The need for fast and efficient AI inference
The performance of 800 tokens per second is akin to about 48,000 tokens per minute – fast enough to generate about 500 words of text per second. This is nearly an order of magnitude faster than the everyday inference speeds of huge language models deployed within the cloud on traditional GPUs today.
Fast and efficient AI inference is becoming increasingly essential as language models reach lots of of billions of parameters in size. While training these massive models is enormously computationally intensive, deploying them inexpensively requires hardware that may run them quickly without consuming enormous amounts of energy. This is particularly true for latency-sensitive applications corresponding to chatbots, virtual assistants, and interactive experiences.
The energy efficiency of AI inference can be coming under increasing scrutiny because the technology becomes more widely used. Data centers already devour significant power, and the computational demands of large-scale AI threaten to dramatically increase this power consumption. Hardware that may deliver the required inference performance while minimizing energy consumption will probably be key to creating AI sustainable at scale. Groq's Tensor Streaming Processor was designed with this efficiency imperative in mind and guarantees to significantly reduce the ability costs of running large neural networks in comparison with general-purpose processors.

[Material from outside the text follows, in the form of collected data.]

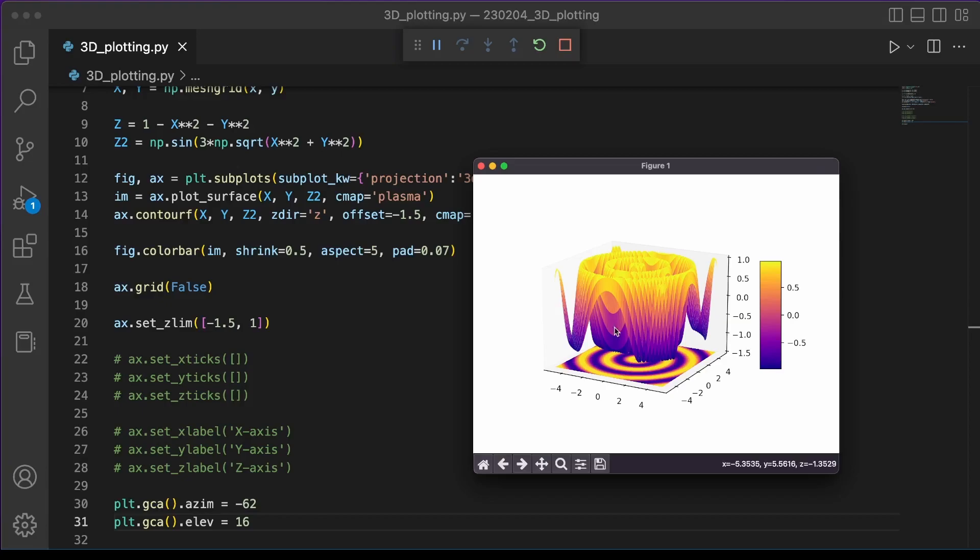Those were our four tips on how to improve on Matplotlib's defaults when plotting 3D surfaces. Thanks for watching, and I hope you enjoyed the video.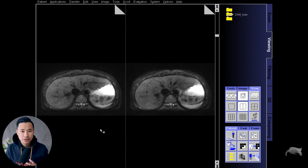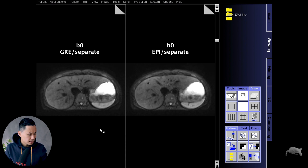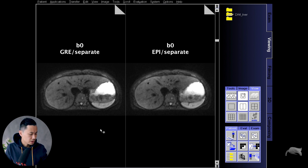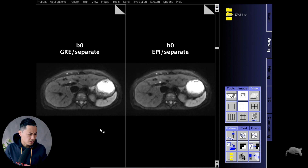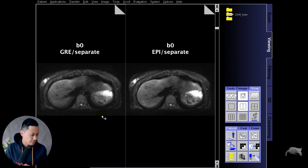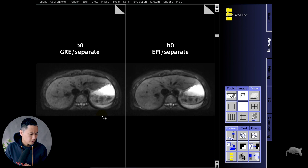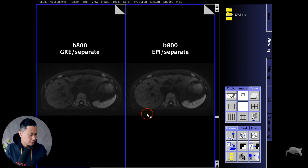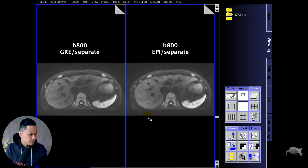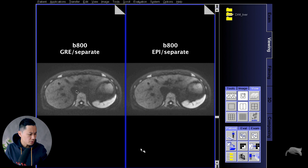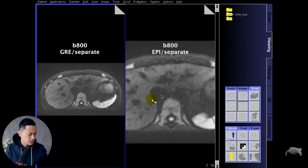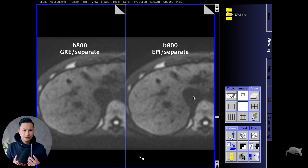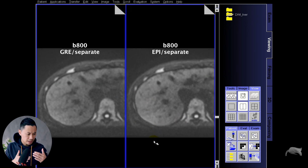Let's check the results. Currently we are in the viewing mode. This is B0 — here you have the gradient based, here you have the EPI based. With the B0 it seems alike, nothing very different. Let's go to B800 and you will see a difference. Zooming in and adjusting the window — look at the mid part right here. It seems a little bit more noisy with the gradient; with the EPI it's less noise. That means with the EPI you can push the limit a little bit further without seeing the noise in the middle part.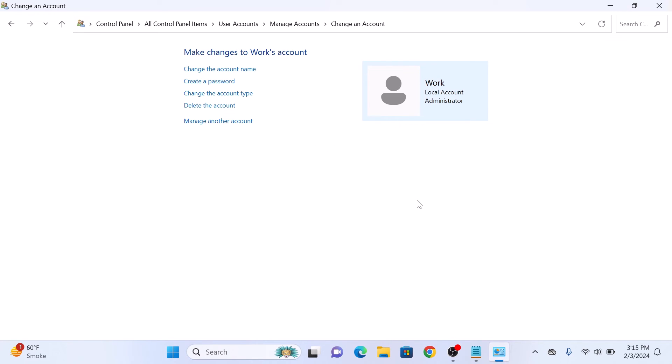As you can see, this account is now Administrator. So that's how to change account type on Windows 11. Thanks for watching.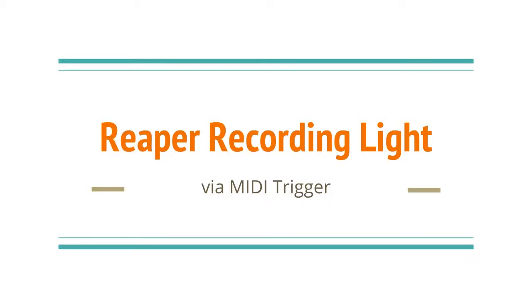This is a brief summary of how I was able to build a MIDI trigger recording light using the Reaper Digital Audio Workstation software.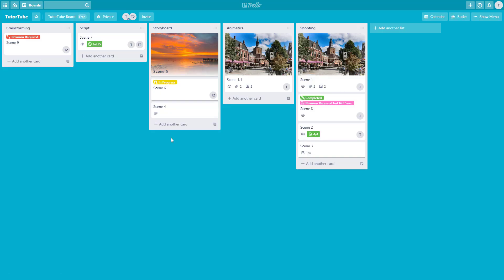That is how you can move and copy cards and lists inside the same board or across different boards in Trello. Hope you learned something — as always, please like, comment, share, and subscribe.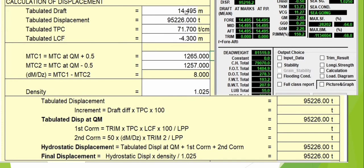Once you have completed all the details, it will automatically give the corrected or true displacement. Because our trim is zero, there is no second correction for trim and no effect on the tabulated displacement. We also have no increments here, so we get a final displacement of 95,226 metric tons.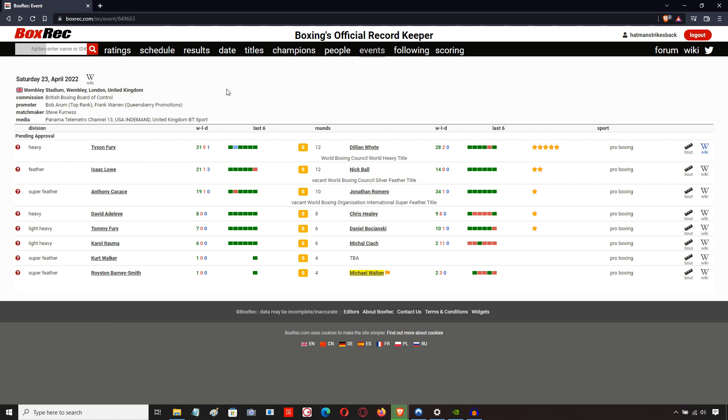The undercard for the Tyson Fury-Dillian Whyte fight has now been revealed, and a lot of people are complaining that it is extremely weak. They're saying this is the worst undercard for a big UK show that they have seen in many a year.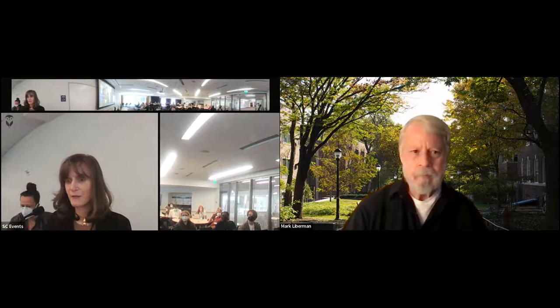We're so grateful to have him join us for this event. So to introduce Mark, please welcome Betsy Evans from the Department of Linguistics at UW.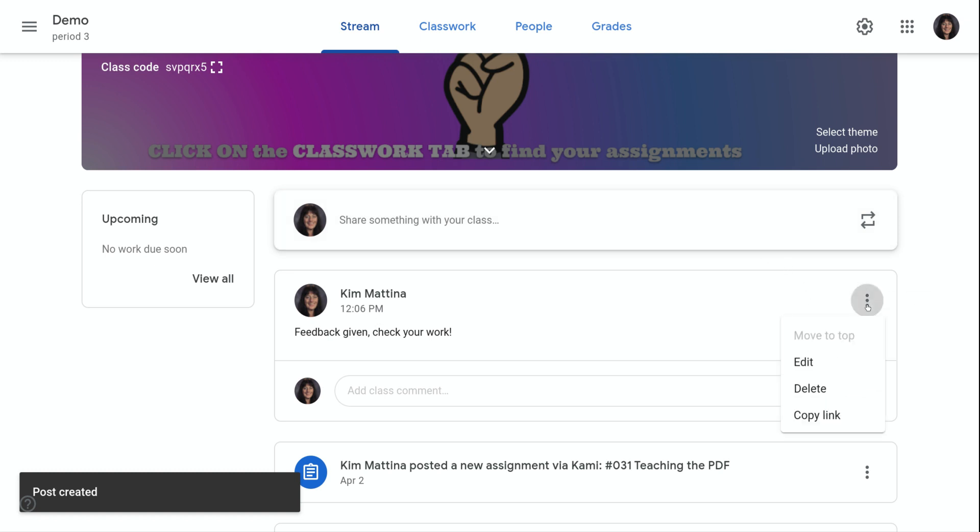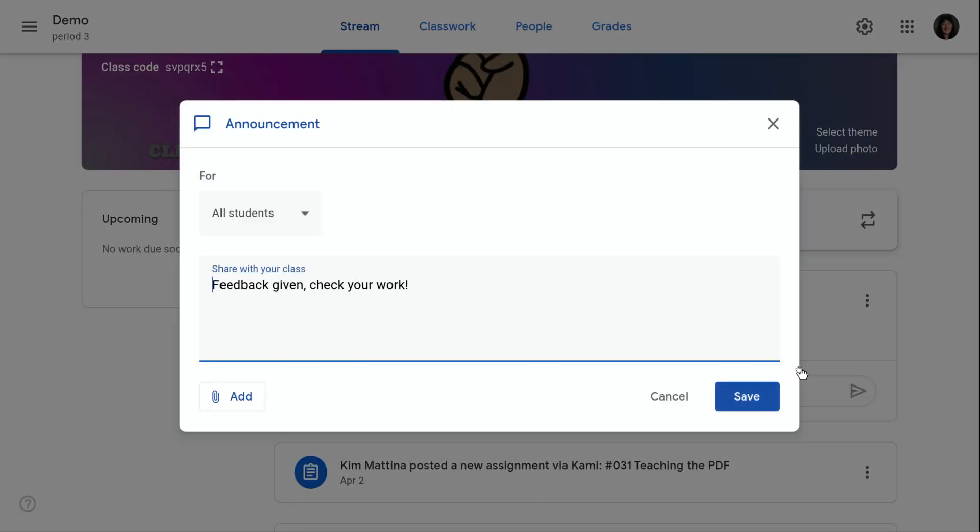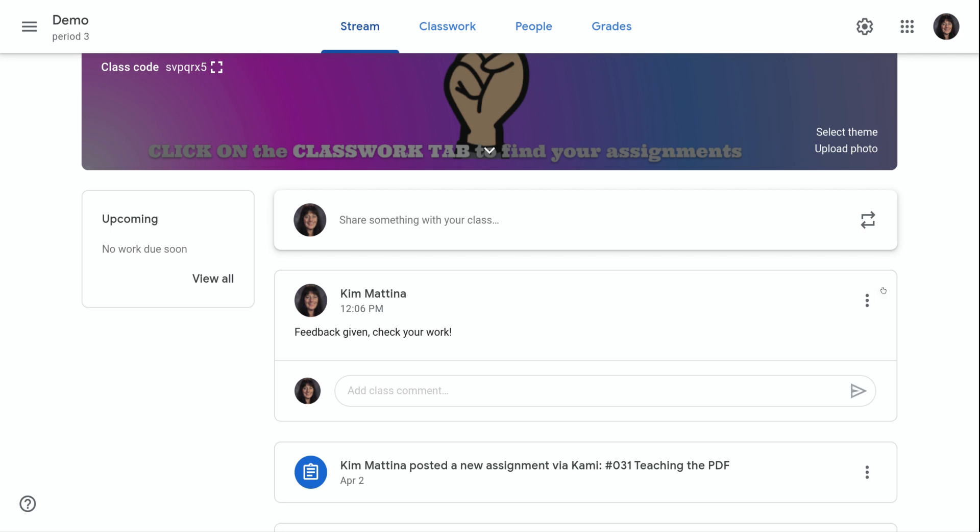If I click on the three dot menu, I have the option to edit the announcement, delete it, or copy the link.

Challenging Nvidia's dominance
Nvidia currently dominates the AI processor market, with its A100 and H100 GPUs powering the overwhelming majority of cloud AI services. But numerous well-funded startups corresponding to Groq, Cerebras, SambaNova and Graphcore are difficult this dominance with latest architectures designed specifically for AI.
Of these challengers, Groq has been probably the most vocal in relation to targeted conclusions and training. CEO Jonathan Ross has boldly predicted that by the tip of 2024, most AI startups will probably be using Groq's low-precision Tensor streaming processors for inference.
Meta's release of LLaMA 3, described as probably the most powerful open source language models available, provides Groq with a high-profile opportunity to showcase the inference capabilities of its hardware. The model, which Meta claims is on par with the most effective closed-source offerings, is predicted to be widely used for benchmarking and deployed in lots of AI applications.
If Groq's hardware can run LLaMA 3 significantly faster and more efficiently than mainstream alternatives, that may bolster the startup's claims and potentially speed up the adoption of its technology. Groq recently launched a brand new business unit to make its chips more accessible to customers through a cloud service and partnerships.
The combination of powerful open models like LLaMA and highly efficient “AI-first” inference hardware like Groq’s could make advanced voice AI cheaper and accessible to a wider range of firms and developers. But Nvidia won't hand over its lead that quickly and other challengers are also within the starting blocks.
What is definite is that there’s a race to construct an infrastructure that may keep pace with the explosive advances in AI model development and scale the technology to satisfy the needs of a rapidly expanding range of applications. Near real-time AI inference at an inexpensive cost could unlock transformative opportunities in areas corresponding to e-commerce, education, finance, healthcare and more.
As An X.com user responded to Groq's LLaMA 3 benchmark claim: “Speed + low_cost + quality = it is senseless (for the time being) to make use of anything”. The coming months will show whether this daring equation works, nevertheless it's clear that the hardware fundamentals of AI are removed from settled as a brand new wave of architectures challenge the established order.